When the contact hole 116 is formed in the epitaxial layer 106 shown in FIG. 4, the process of etching the epitaxial layer 106 as well as the first interlayer insulating layer 102 should be performed. .

Referring to FIG. 6, a first barrier metal layer 120 is formed on sidewalls, bottom surfaces of the contact hole 116, an exposed portion of the single crystal silicon layer pattern, and an upper surface of the second interlayer insulating layer pattern 110a. .

The first barrier metal film 120 may include, for example, titanium, tantalum, cobalt, titanium nitride, tantalum nitride, and cobalt nitride. It is preferable to use these independently, and it can mix and use two or more as needed.

That is, the first barrier metal film 120 may have a single metal film structure or may have a structure in which a metal film / metal nitride film is stacked. It is preferable that the first barrier metal film 120 of this embodiment has a structure in which a titanium film / titanium nitride film is stacked. For example, the metal film is formed to have a thickness of 75 kPa or less, and preferably formed to have a thickness of 50 to 25 kPa.

The first barrier metal layer 120 is preferably formed by a physical vapor deposition process. Since the physical vapor deposition process has a characteristic that it is difficult to form a first barrier metal film having substantially the same thickness in the contact hole, the first barrier metal film is hardly formed on the sidewall of the contact hole. For this reason, the first barrier metal film is formed to have a predetermined thickness only on the exposed portion of the single crystal silicon film pattern and the upper surface of the second interlayer insulating film pattern 110a.

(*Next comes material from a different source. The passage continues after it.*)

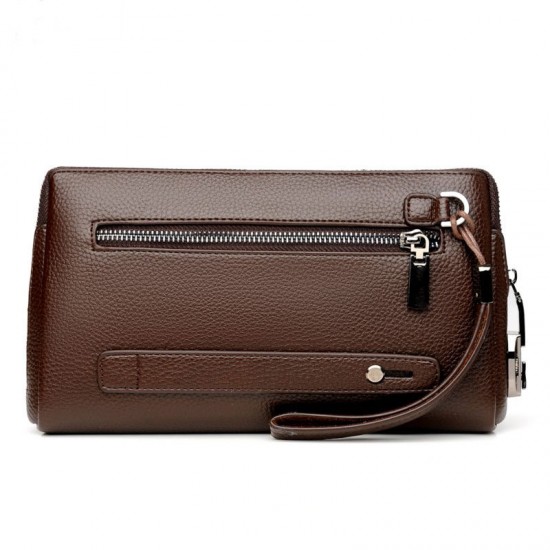 Famous Red Book Japanese women's bag， large capacity commuting bag， multi-purpose storage bag， mom bag， hand-held tote bag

For example, since the process of forming the first barrier metal film is performed at a high temperature, the silicon of the first barrier metal film, the substrate, and the silicon film may inevitably undergo a silicide reaction.

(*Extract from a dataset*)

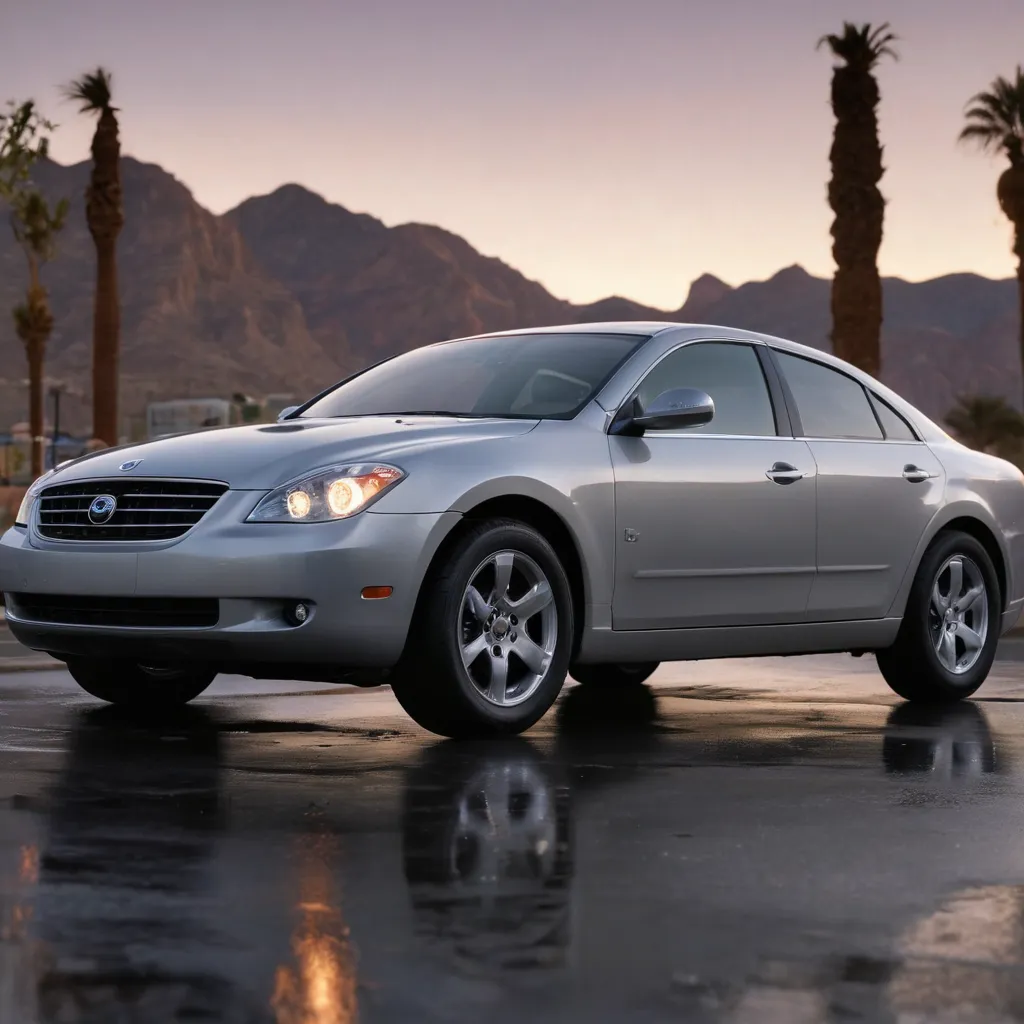 Kelley Blue Book 2004: In-Depth Vehicle Valuation Analysis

Referring to FIG. 7, an etch back process is performed on the first barrier metal layer 120 to form a first barrier metal layer pattern 120a exposed on the bottom surface of the contact hole 116 and disposed on a single crystal silicon substrate. do.

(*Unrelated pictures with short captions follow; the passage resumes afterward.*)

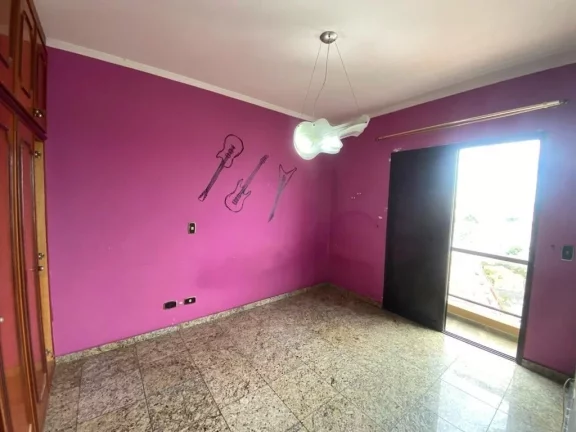 Imagem VGNSDL 64 Apto theremaxcollection-KMX84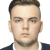 Vladimir Kronvid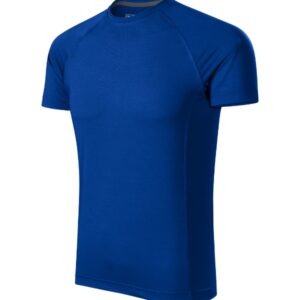 05 - kráľovská modrá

The etch back process is performed to improve the profile of the contact hole 116 inlet, which is poor due to the first barrier metal film formed by the physical vapor deposition process. Thereafter, a cleaning process may be further performed to remove the etching residue remaining in the contact hole in which the first barrier metal layer pattern 120a is formed. For example, the cleaning process may be performed using an etching solution containing hydrofluoric acid (HF).

Referring to FIG. 8, a second barrier is formed on a sidewall of the contact hole 116 on which the first barrier metal layer pattern 120a is formed, an upper surface of the first barrier metal layer pattern, and an upper surface of the second interlayer insulation layer pattern 110a. The metal film 130 is formed continuously.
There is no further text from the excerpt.